SILICON VALLEY BANK TO ACQUIRE MERGER & ACQUISITION ADVISOR ALLIANT PARTNERS

Acquisition Will Be Immediately Accretive to Earnings

    SANTA CLARA, CA—August 16, 2001—Silicon Valley Bank (the "Bank"), a wholly owned subsidiary of Silicon Valley Bancshares, announced today that its subsidiary, SVB Securities, Inc., has signed an agreement to acquire Alliant Partners, a leading investment banking firm providing merger and acquisition and corporate partnering services to middle-market technology companies. Closing is expected to occur in late September.

    The acquisition will allow the Bank to strengthen its investment banking platform for its clients. It contributes to the Bank's strategic vision of providing a broad range of client focused solutions at every stage of a company's lifecycle. As a result of the acquisition, Alliant Partners will become a part of SVB Securities, Inc., a wholly owned broker dealer subsidiary of the Bank. SVB Securities, Inc., currently provides investment banking services to companies, including private equity placements and advisory services.

    Silicon Valley Bank will pay a total of $100 million in several installments, of cash and common stock, to acquire Alliant Partners. These installments are payable over the next four years, subject to conditions being satisfied. Alliant Partners will have an opportunity to receive consideration of up to an additional $85 million, subject to achieving financial performance criteria. The acquisition will be immediately accretive to earnings.

    "Alliant is an ideal partner for the Bank due to its strong reputation, corporate finance expertise and industry focus," said Ken Wilcox, president and chief executive officer of Silicon Valley Bank. "We believe the combination of our two client-focused and entrepreneurial organizations strengthens Silicon Valley Bank's position as a market leader in the emerging growth and middle-market technology sector, allowing us to broaden services for the benefit of our clients."

    "We are very pleased to partner with an organization which shares our commitment to the technology market and provides a high level of client service," said Jim Kochman, managing director of Alliant Partners. "The Bank's strong brand extends our geographic coverage, and the network of successful clients provides the infrastructure for our continued rapid growth."

About Alliant Partners

    Founded in 1990, Alliant Partners provides a wide range of customized financial advisory services tailored to middle-market technology companies. Alliant, headquartered in Palo Alto, California, has a strong portfolio of transactions in the following categories: Internet, computer hardware/telecommunications/peripherals, software/services, semiconductors/semiconductors equipment and electronic design automation (EDA). Alliant Partners serves the needs of its clients through its broad expertise in mergers and acquisitions, strategic financing, sales and divestitures, and other advisory services. Additional information is available at www.alliant.com.


About Silicon Valley Bank

    Founded in 1983, Silicon Valley Bank serves emerging growth and middle-market companies in targeted niches, focusing on technology and life sciences, while also addressing other specific industries in which it can provide a higher level of service and better manage credit through specialization and focus.

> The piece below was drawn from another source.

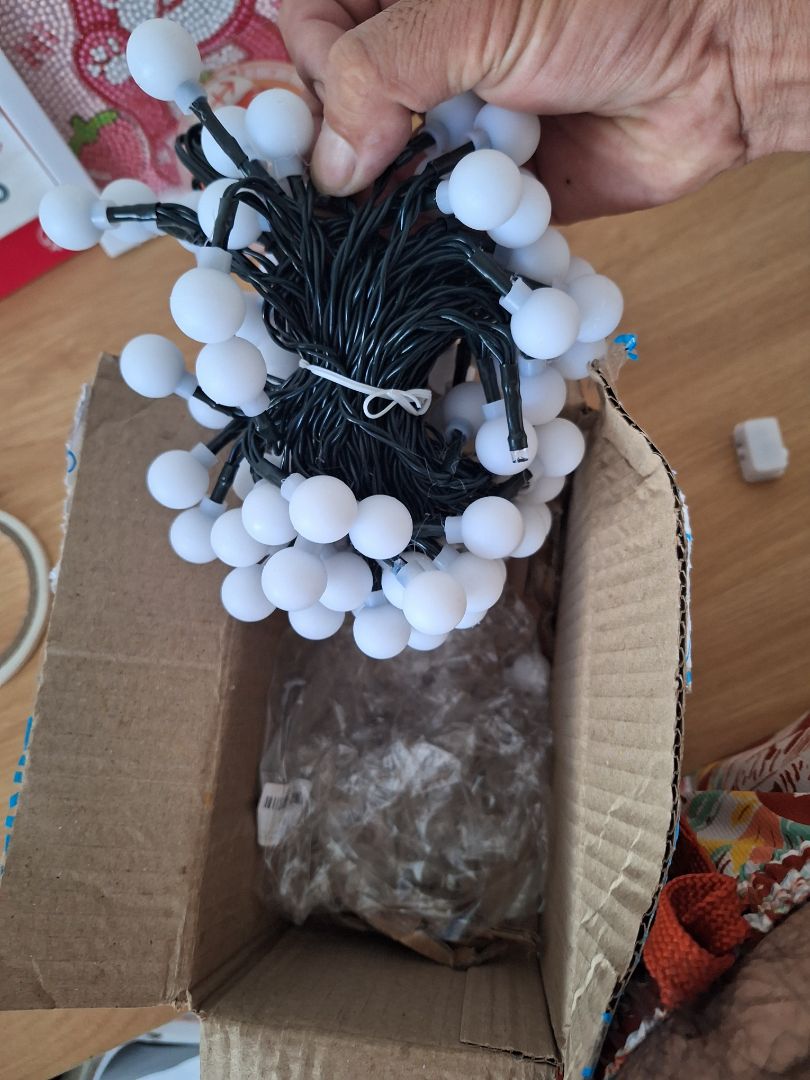 Giao thiếu phần thiết bị năng lượng mặt trời. Sẳn phẩn ko giống hình ảnh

    The Bank operates throughout the Silicon Valley: Santa Clara, Palo Alto and Sand Hill, the center of the venture capital community in California. Other regional offices within California include: Irvine, Los Angeles, Napa Valley, San Diego, San Francisco, Santa Barbara, and Sonoma. Office locations outside of California include: Phoenix, Arizona; Boulder, Colorado; West Palm Beach, Florida; Atlanta, Georgia; Chicago, Illinois; Boston, Massachusetts; Minneapolis, Minnesota; New York, New York; Durham, North Carolina; Portland, Oregon; Philadelphia, Pennsylvania; Austin, Texas; Dallas, Texas; Northern Virginia; and Seattle, Washington. More information on the Bank can be found at www.svb.com.

Safe Harbor

    This release includes "forward-looking statements" as that term is used in the securities laws. All statements regarding the Company's expected financial position, business and strategies are forward-looking statements. In addition, in this release the words "anticipates," "believes," "estimates," "seeks," "expects," "plans," "intends" and similar expressions, as they relate to the Company or its management, are intended to identify forward-looking statements. Although the Company believes that the expectations reflected in these forward-looking statements are reasonable, and has based these expectations on the Company's beliefs as well as assumptions it has made, such expectations may prove to be incorrect.

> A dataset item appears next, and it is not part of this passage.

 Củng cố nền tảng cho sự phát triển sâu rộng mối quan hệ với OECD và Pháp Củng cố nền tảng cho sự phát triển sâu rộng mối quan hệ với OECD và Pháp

    For information with respect to factors that could cause actual results to differ from the expectations stated in the forward-looking statements, see the text under the caption "Risk Factors" included in our Report on Form 10-K filed with the Securities and Exchange Commission on March 16, 2001. The Company urges investors to consider these factors carefully in evaluating the forward-looking statements contained in this release. All subsequent written or oral forward-looking statements attributable to the Company or persons acting on the Company's behalf are expressly qualified in their entirety by these cautionary statements. The forward-looking statements included in this release are made only as of the date of this release. The Company does not intend, and undertakes no obligation, to update these forward-looking statements.

Conference Call

    The Company will host a conference call and live web cast with a slide presentation at 6:00 a.m. (PDT), on Friday, August 17, 2001, to further discuss the acquisition. The conference call can be accessed by dialing (888) 323-9687 and referencing the passcode "SVB/Alliant." Web cast (audio) and slide presentation can be accessed at www.svb.com. A digitized replay of this conference call will be available beginning at approximately 9:00 a.m. (PDT), on Friday, August 17, 2001, through 5:00 p.m. (PDT), on Friday, August 31, 2001, by dialing (888) 568-0394. A replay of the Web cast (audio) and slide presentation will also be available on www.svb.com beginning Friday, August 17, 2001.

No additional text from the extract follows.